After gathering “high value” rock samples from an old Martian lakebed, NASA scientists are one step closer to finding evidence of alien life on Mars.

Less than seven months after arriving on Mars, NASA revealed on Friday that the Perseverance rover has successfully retrieved and stored its second rock sample. The two rock samples, called “Montdenier” and “Montagnac,” were taken from a region of Mars that was previously volcanically active and water-filled. Scientists believe that if extraterrestrial life had evolved on Mars, these would have been ideal circumstances for bacteria to thrive.

“It appears like our first pebbles suggest a possibly habitable prolonged environment,” said Ken Farley of the California Institute of Technology (Caltech) and project scientist at NASA’s Jet Propulsion Laboratory (JPL).

“The fact that the water was present for such a long time is significant.”
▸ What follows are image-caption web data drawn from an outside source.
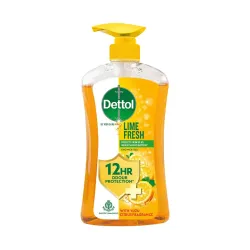 Dettol Body Wash and Shower Gel for Women and Men, Lime Fresh - 500ml | Soap-Free Bodywash | 12h Odour Protection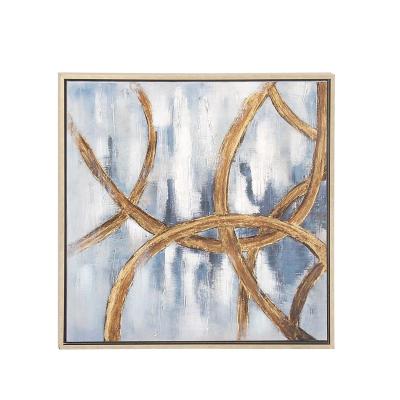 China Original Abstract Surrounds Canvas Abstract Painting Framed Holiday Inn Wall Art for sale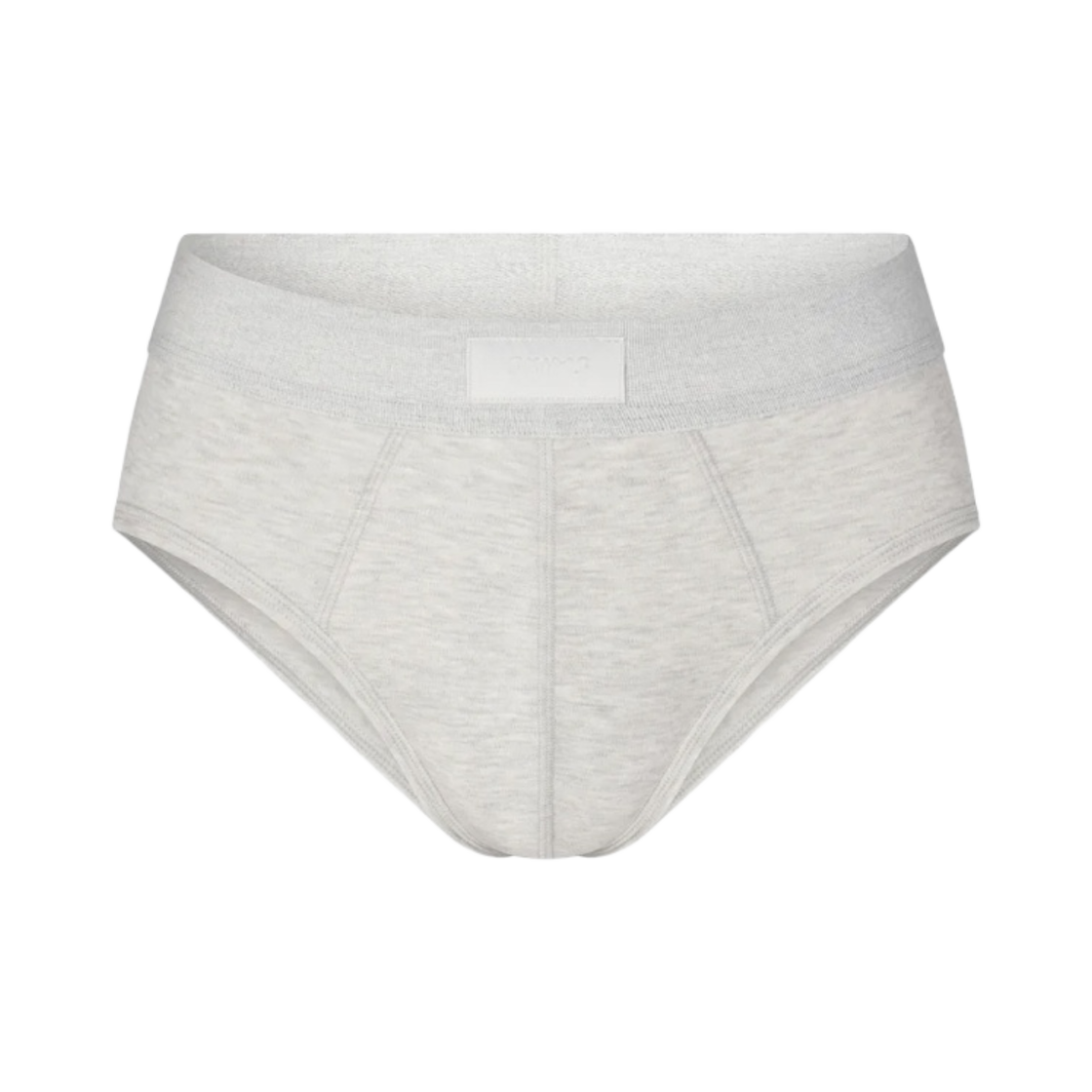 스킴스 코튼 브리프 라이트 헤더 그레이(Skims Cotton Brief Light Heather Grey)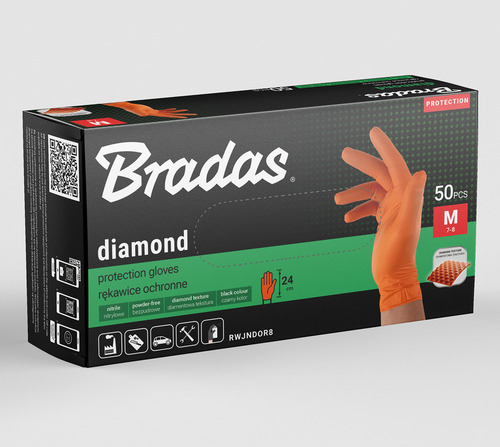 Rękawice ochronne DIAMOND nitrylowe M rozm. 7-8 3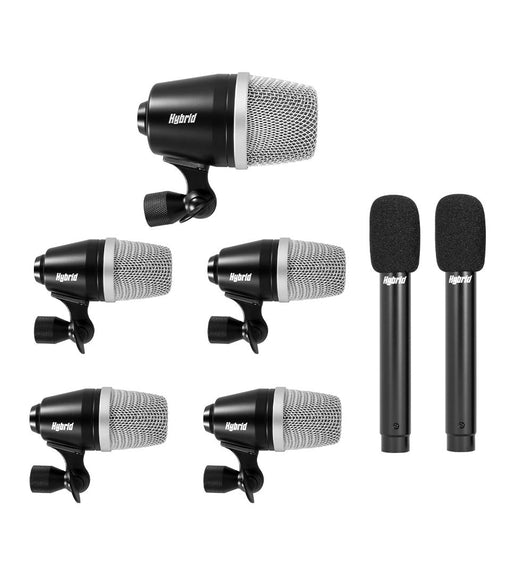 Hybrid DK7A 7 - Piece Drum Microphone Kit - 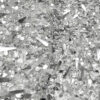 Grey sequined and crystals couture lace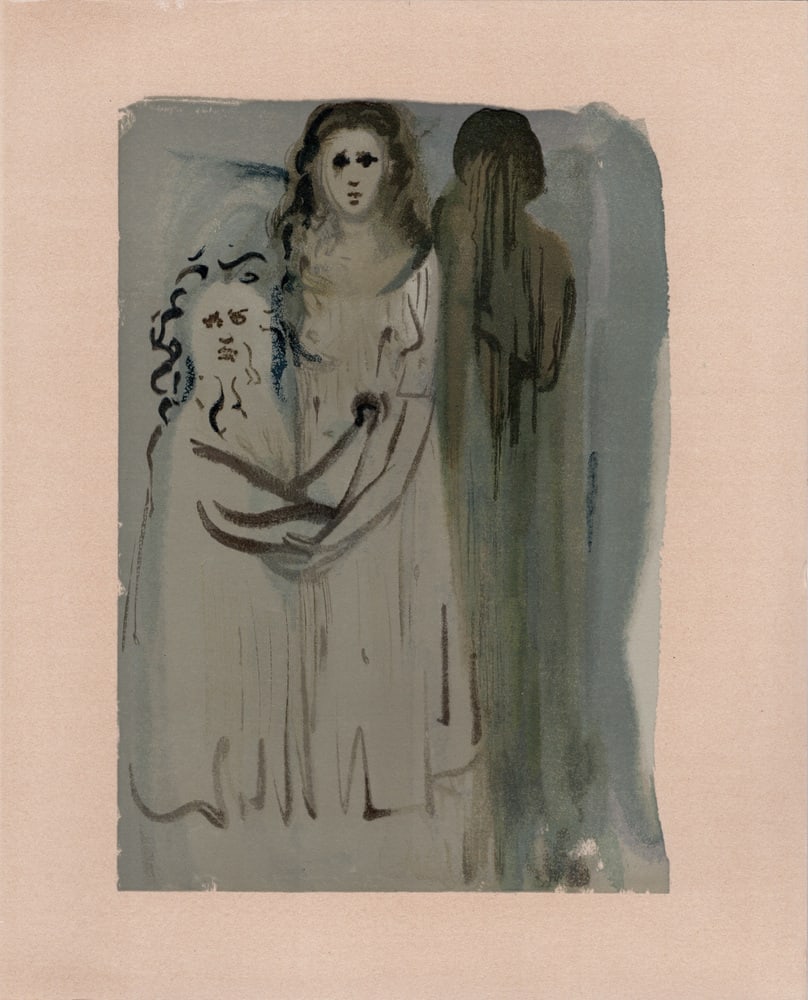 Dali, The Smoke of Anger, 1964, Original Woodcut - 7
The two rocks may have formed as a result of lava flows, and they contain a variety of interesting minerals that could help scientists learn more about Mars’s old climate.

The bone-dry planet, according to scientists, previously resembled a juvenile Earth, with a hot and humid atmosphere and bodies of water on the surface.
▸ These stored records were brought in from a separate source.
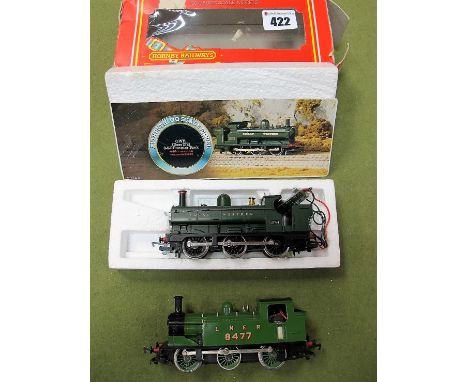 A Boxed Hornby "00" Gauge G.W.R Class 2721 0-6-0 Pannier Tank Steam Locomotive, with d.c.c fitted and one other 0-6-0 L.N.E.R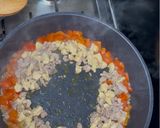 Foto del passaggio 3 della ricetta #660 Paella mista valenciana 🥘🦐🫑🍗🍖🥘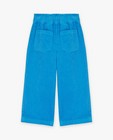 Broeken - Blauwe broek van ribfluweel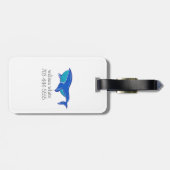 Cute Whale Personalized Bagagelabel (Achterkant horizontaal)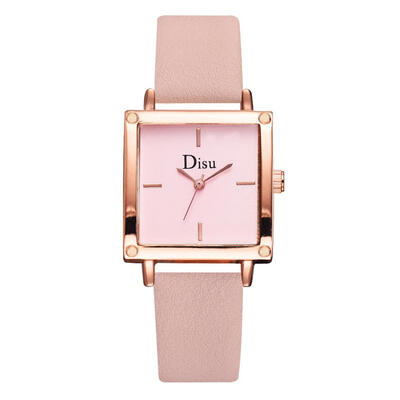 

Best Selling Watches Square Scale Surface Ladies Quartz Wristwatch Simple Leather Strap Clock Featured Relojes Para Mujer50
Perseverance, a NASA spacecraft, is currently exploring the Jezero Crater, which is 28 miles wide (45 kilometers) and was filled with water more than three billion years ago.
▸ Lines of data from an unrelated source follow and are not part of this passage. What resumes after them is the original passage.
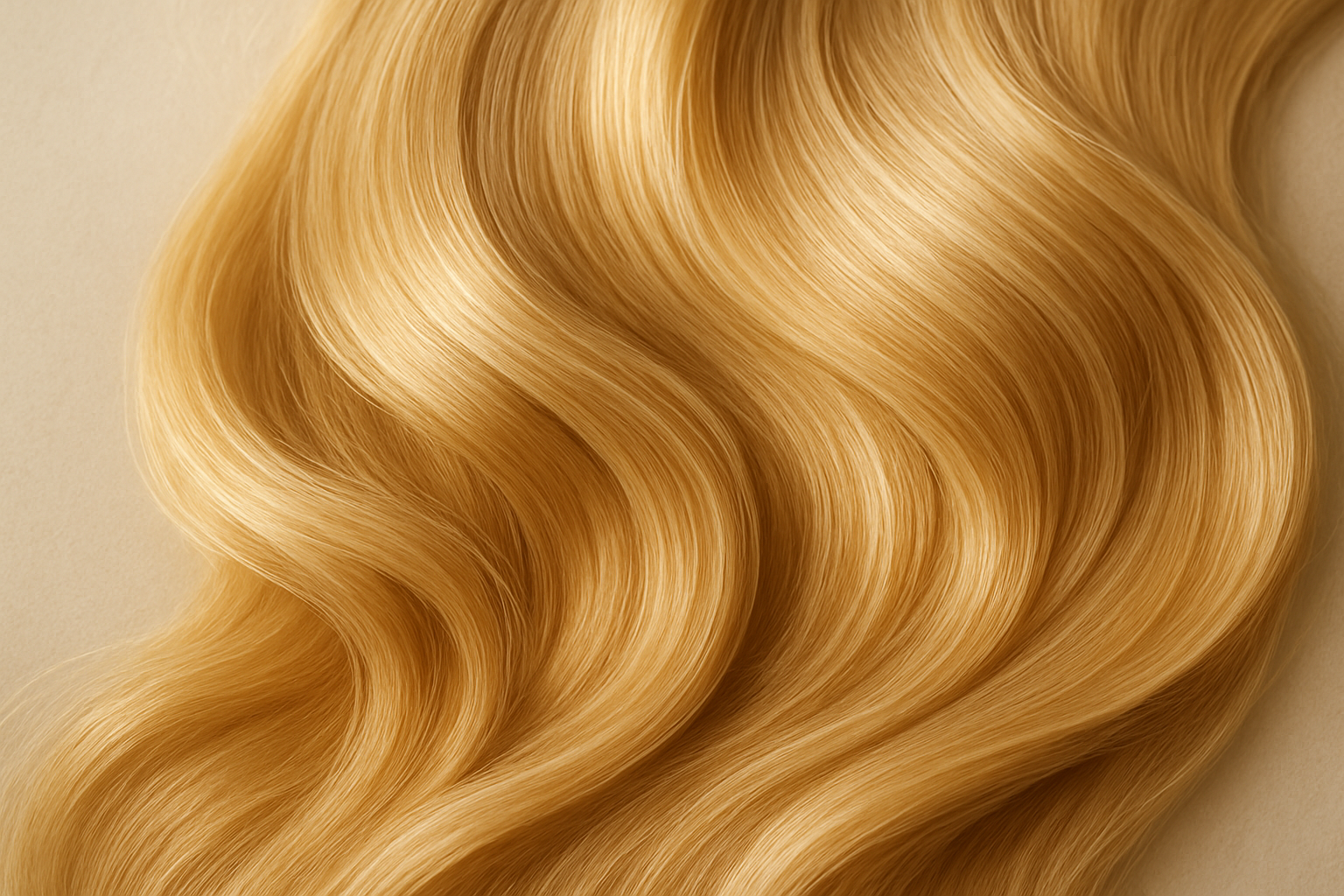 silky blonde hairt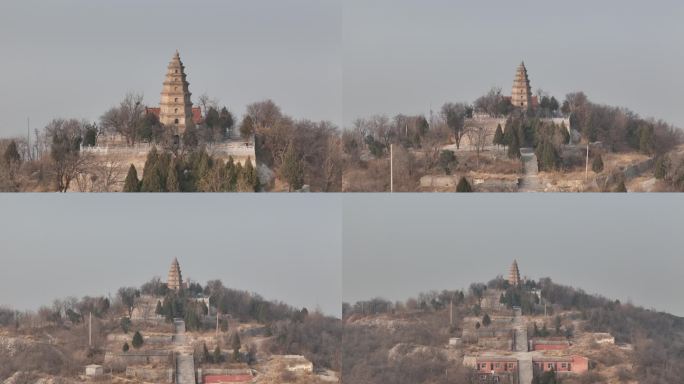 荥阳地标风景名胜历史古迹千尺塔旅游景区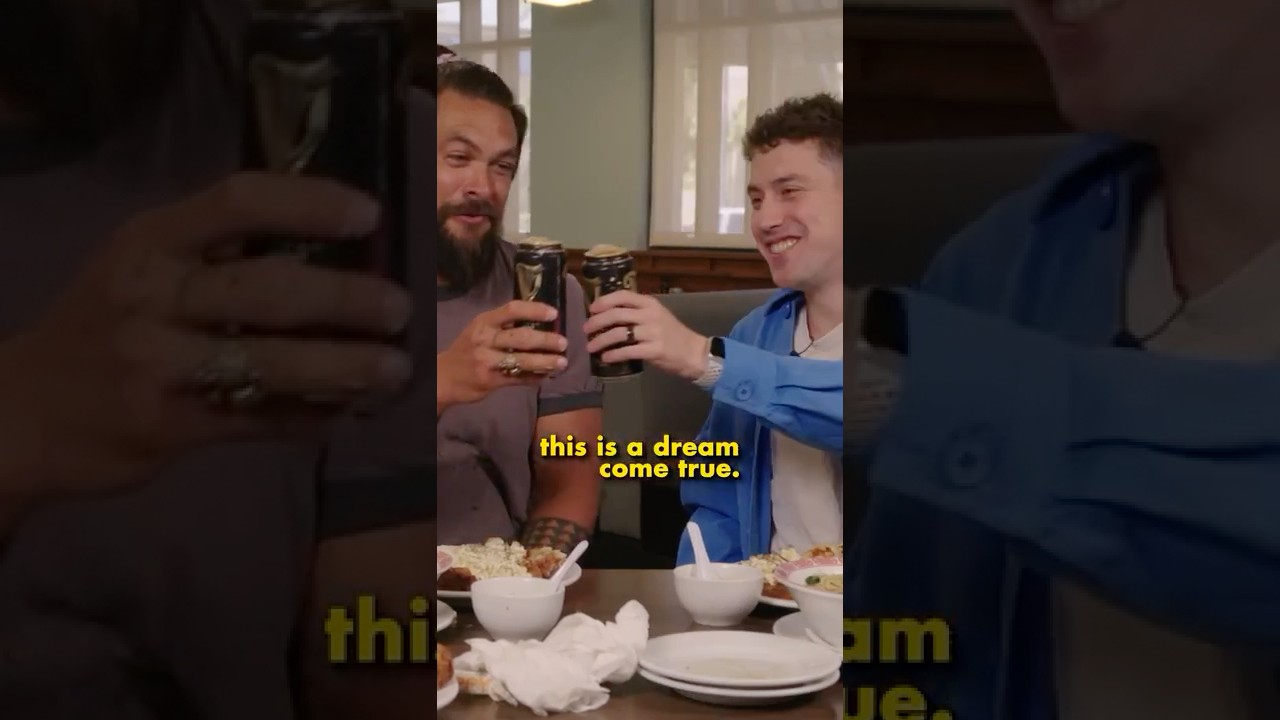 Surprising Jason Momoa with His Favorite Drink! ๐น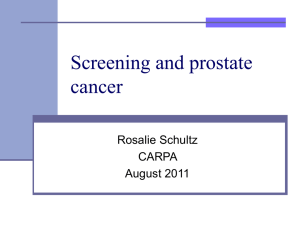 Screening and prostate cancer
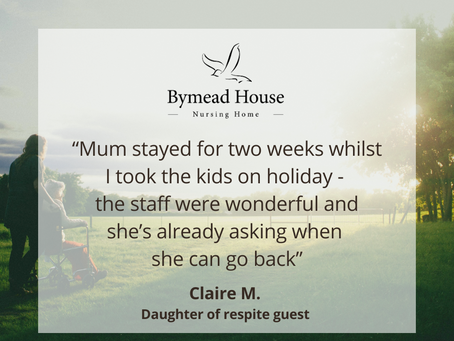 Discover the Benefits of Respite Care at Bymead House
Scientists are unsure how long the water remained in the crater and whether it was long enough for life to emerge.

The volcanic materials preserved in the gathered samples will be analyzed to provide a more accurate picture of the conditions in Jezero billions of years ago.

Salt crystals found inside the rocks may have contained bubbles of old Martian water, according to scientists.

“If these rocks encountered water for lengthy periods of time, there may be habitable niches inside these rocks that might have supported ancient microbial life,” NASA geologist Katie Stack Morgan said at a press briefing.

“Salts are excellent minerals for retaining traces of ancient life on Earth,” she continued, “and we expect the same to be true for rocks on Mars.”

After an earlier effort failed, the rover gathered its first sample on September 6.

On September 8, the second rock core was drilled out of the “Rochette” rock formation.

“These samples have tremendous value for future laboratory analysis back on,” said Mitch Schulte, the mission’s programme scientist at NASA Headquarters.